Biden battles Sanders and Warren over Medicare for All

With the three top contenders on the same stage for the first time, rifts in the Democratic Party over health care came into sharper focus at the primary debate in Houston on Thursday night.

The third Democratic debate began with ABC News and Univision moderators setting up a heated discussion between former Vice President Joe Biden, who has proposed a public option that would expand the Affordable Care Act, and Sen. Bernie Sanders, who is pushing a single-payer Medicare for All plan, which has also been endorsed by Sen. Elizabeth Warren.

“I know that the senator says she's for Bernie, well, I'm for Barack,” Biden responded. “I think the Obamacare worked. I think the way we add to it, replace everything that has been cut, add a public option, guarantee that everyone will be able to have affordable insurance, number one.”

Biden criticized Sanders’s plan as too expensive, costing $32 trillion over 10 years. But Sanders said that’s less than the current health care system would cost over the same period.

“In the United States of America, we are spending twice as much per capita on health care as the Canadians or any other major country on Earth,” said Sanders.

“This is America,” interjected Biden.

“Yeah, but Americans don’t want to pay twice as much as other countries and they guarantee health care to all people,” Sanders shot back.

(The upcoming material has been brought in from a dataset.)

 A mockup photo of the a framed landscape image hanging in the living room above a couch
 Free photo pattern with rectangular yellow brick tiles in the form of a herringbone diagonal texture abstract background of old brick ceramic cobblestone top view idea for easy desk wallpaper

Obama called Medicare for All a “good idea” last year. While Biden has touted his plan’s lower cost, it would still leave millions of Americans without health care.

“You’ve got to defend the fact that today not only do we have 87 million people uninsured and underinsured, you’ve got to defend the fact that 500,000 Americans are going bankrupt,” said Sanders. “Do you know why they’re going bankrupt? Because they suffered a terrible disease, cancer or heart disease. Under my legislation, people will not go into financial ruin because they suffered with a diagnosis of cancer.”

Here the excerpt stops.